Osmanlılar 1683 yılında 2. Viyana Kuşatmasında bozguna uğradıktan sonra tarih Osmanlılar için ve İstanbul zenginliği için tersine dönmeye başladı. Arka arkaya gelen bir dizi savaşta Osmanlıların yenilmesi ve bu yenilgileri 1718 Pasarofça Antlaşması ile sonuçlandırması, Osmanlıların hiç alışmadığı durum idi. Bu nedenle Osmanlılar, kendilerine çekidüzen vermek ve halkın yiten moralini geri getirmek amacıyla ilk olarak Kağıthane’de Sultan III. Ahmet’e verilen bir ziyafet ve sonrasında gelen lale eğlenceleri ile yeni bir devir başlamıştır. Lale yaygınlaştı ve İstanbul’un simgelerinden oldu. Bütün İstanbul kıyıları yalılarla ve yalılarda laleler ile donatıldı. 28 Ç:elebi Mehmet efendi’nin Paris’ten getirdiği park, bahçe, saray ve köşk örnekleri çok beğenildi ve o tarz eserler yapılmaya başlandı. Osmanlı Sultanı III. Ahmet ve Damadı Nevşehirli Damat İbrahim Paşa’nın önderlik ettiği bu döneme sonradan “Lale Devri” denildi. “Lale çılgınlığı, helva sohbetleri, kaplumbağaların üzerine mum dikerek geceleri bahçede gezdirme, ilk Türkçe matbaanın kurulması… Sadabat eğlenceleri,…Avrupa tarzı mobilyaların ve süsleme unsurlarının saray ve diğer zengin kesim köşk ve saraylarına girmeye başlaması, Şeyhülislam Yenişehirli Abdullah Efendi’nin esnek fetvaları[7] ile İstanbul, Osmanlılar dönemindeki en parlak dönemini yaşamıştır. Ancak bu uzun sürmemiş olup sürekli isyanlar, yeniçeri ayaklanmaları, yangınlar, depremler İstanbul’a zaman zaman birçok acı yaşatmıştır.

Lale devrinde padişahın yaptığı sünnet şöleni minyatürü

 

Özellikle II. Selim Döneminde artık “Osmanlı Devleti, siyasi varlığını muhafaza etmek istiyorsa, geri kalmışlığını telafi etmek, Batıya yetişmek zorundaydı.[8]” Batı dünyasının Osmanlıları tamamen geçtiği anlaşılmış olup yenilik faaliyetlerine girişilmiş idi. Osmanlı’da yapılan her yenilik hareketi ilk olarak İstanbul’da başlamak durumunda idi.

Beşiktaş İskelesi’nin eski bir gravürü[9]
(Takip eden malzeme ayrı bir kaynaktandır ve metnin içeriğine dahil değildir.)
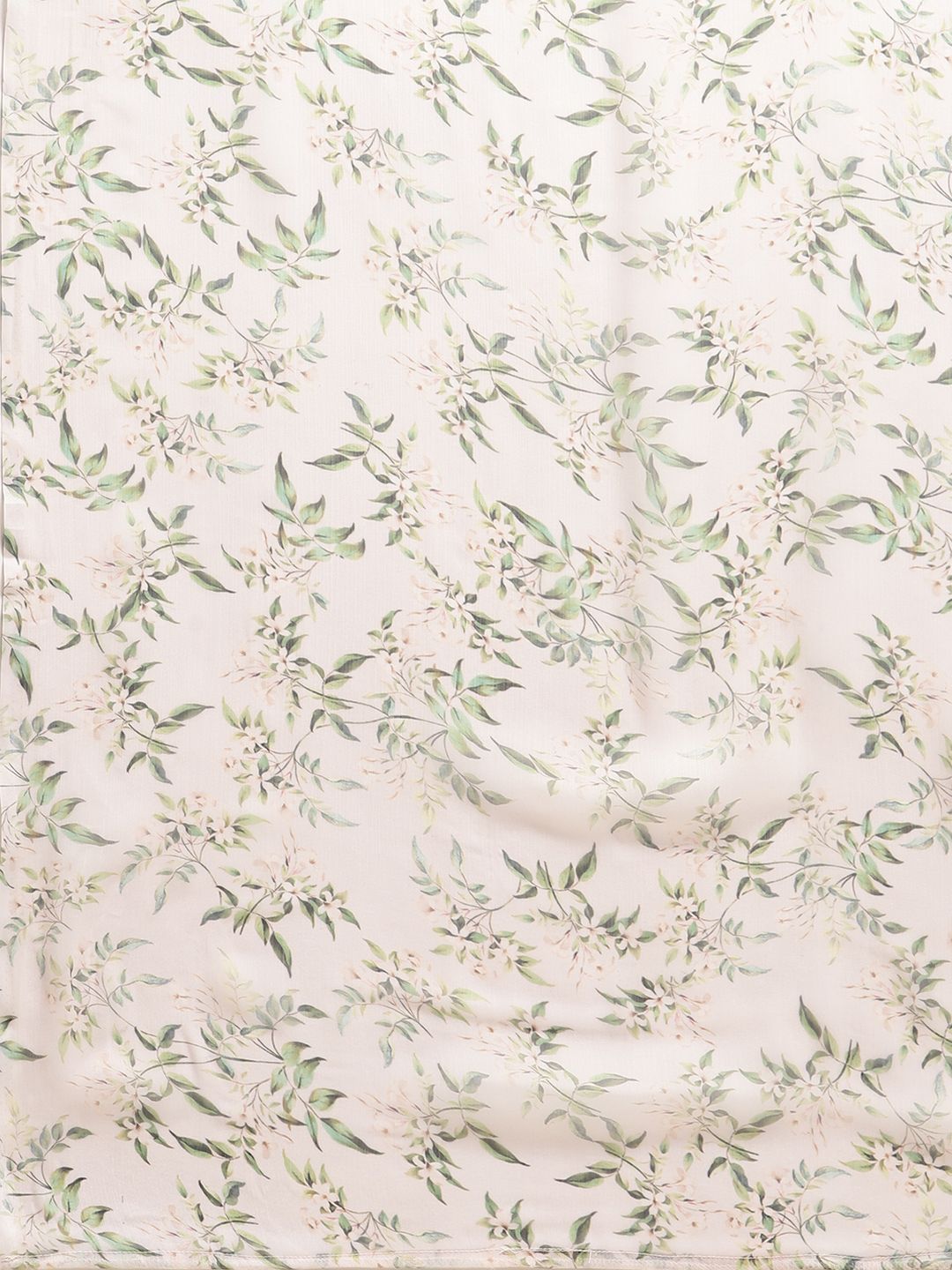 Women's Off White Chiffon Digital Print Floral Saree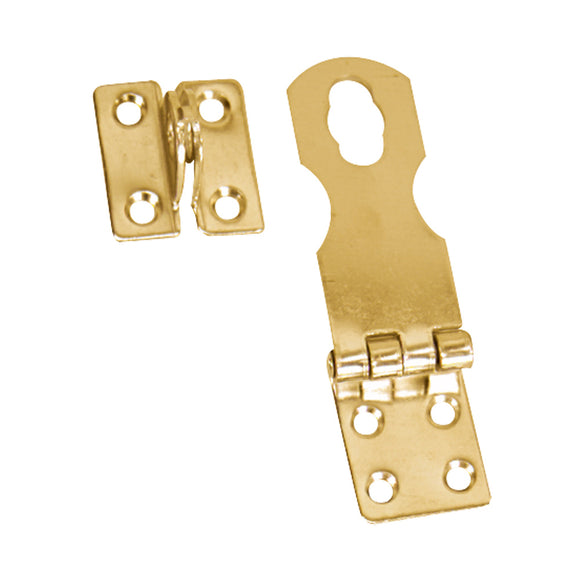 Whitecap Swivel Safety Hasp - Polished Brass - 1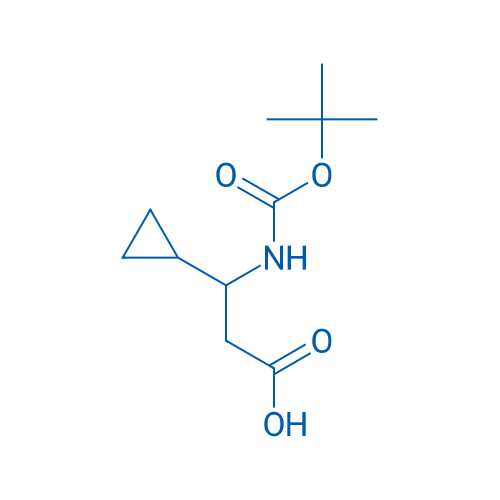 3-((tert-Butoxycarbonyl)amino)-3-cyclopropylpropanoic acid 250mg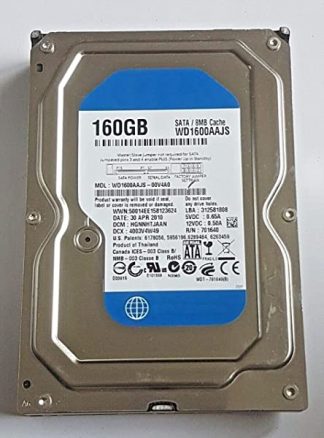 160 GB SATA WD1600AAJS-00V4A0 7200rpm 8MB HDD 3.5" Festplatte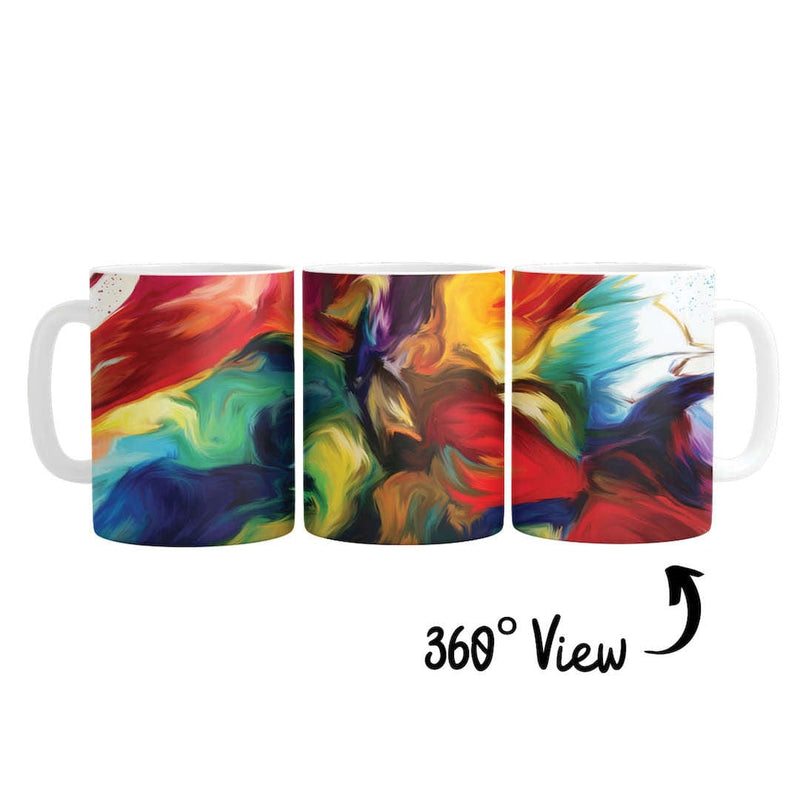 Rainbow Splash Mug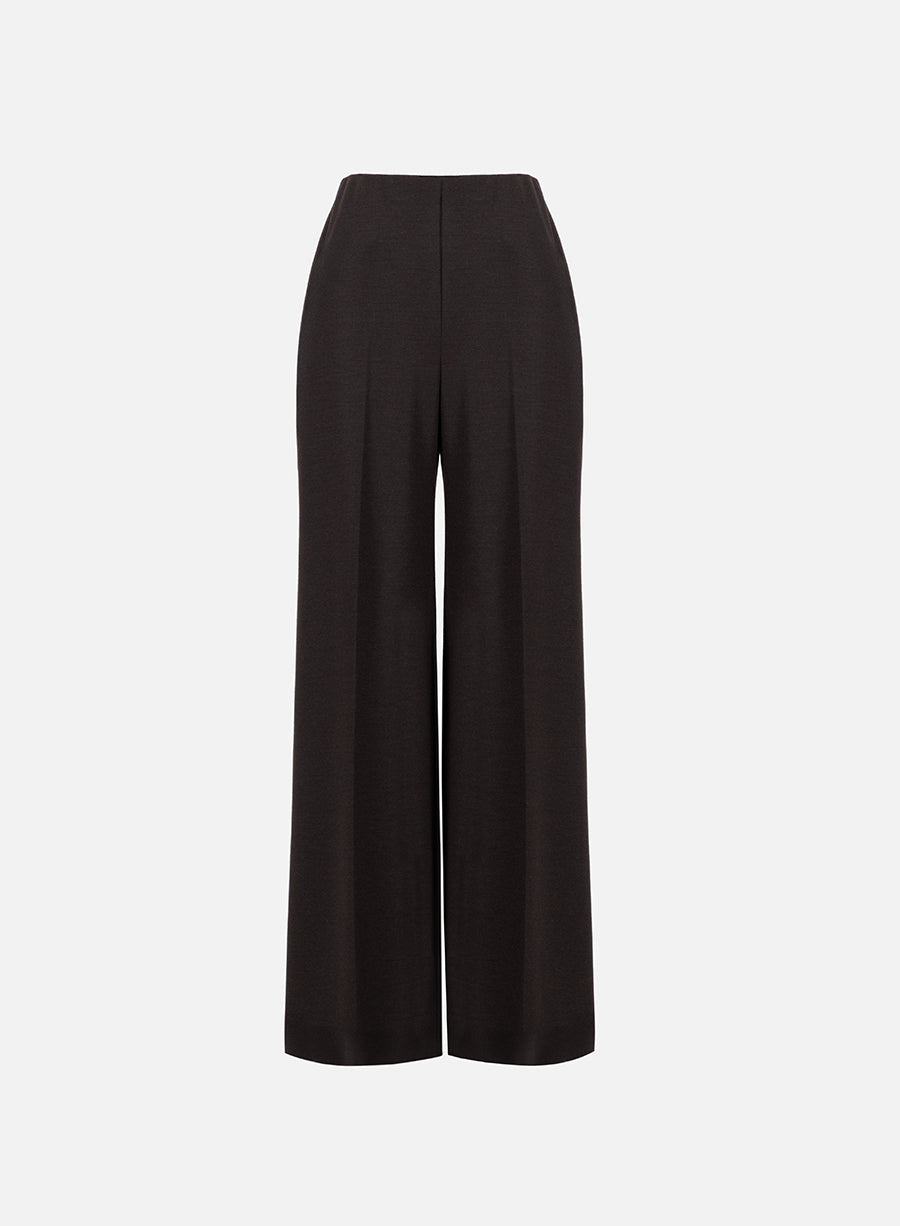 Flared trousers superfine merino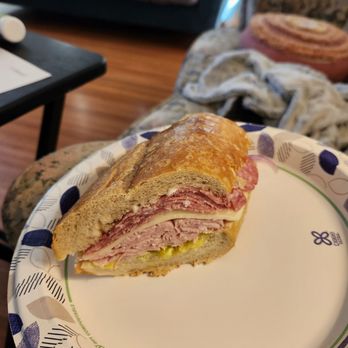 Bara's Deli - Ham & salami on sour dough roll - Delis Near Me - San Leandro, California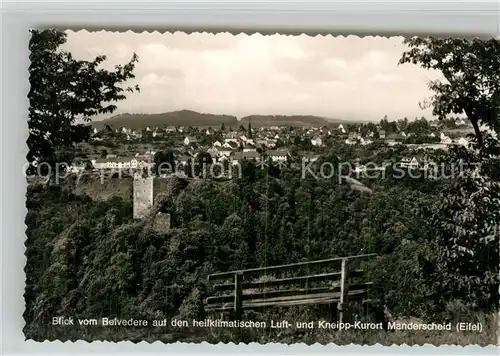 AK / Ansichtskarte Manderscheid Eifel Blick vom Belvedere Kat. Manderscheid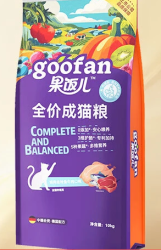 顽皮 全价成猫猫粮 10kg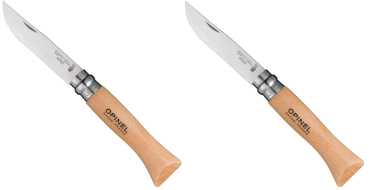 Amazon: Lot de 2 Couteaux Opinel Tradition No. 6 - Acier Inoxydable à 15,76€ (au lieu de 21,60€)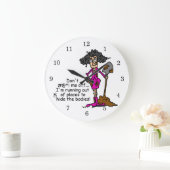 Misch dich nicht mit mir große wanduhr (Zuhause)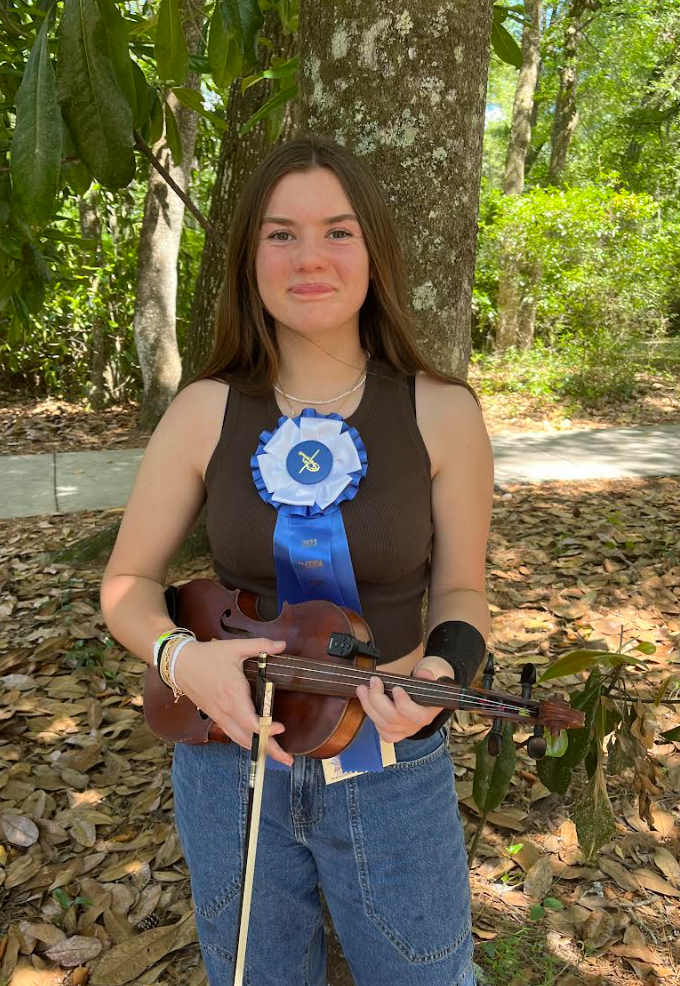 Katy Hill was named Florida Fiddler's Association State Fiddle Champ, 2023.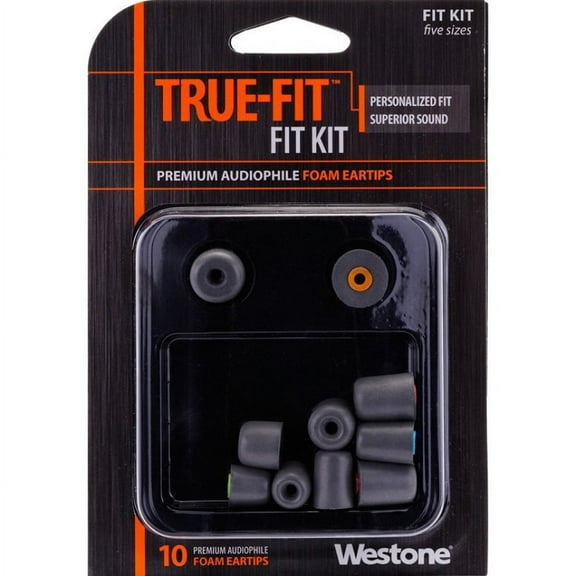 Westone True-Fit Foam Replacement Eartips - 5 Pair Variety Pack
İstanbul’un muhteşem günleri yanı sıra acı dolu günleri denilirken bunlardan sadece Türkler ya da Müslümanlar yararlanmamıştır. İstanbul’daki yabancılar ve İstanbul’un eskileri olan veya İstanbul’a sonradan gelen Rumlar, Ermeniler, Yahudiler gibi herkes ortak kültürden istifade etmişlerdir. İstanbul’da azınlık hakları sürekli korunmuştur.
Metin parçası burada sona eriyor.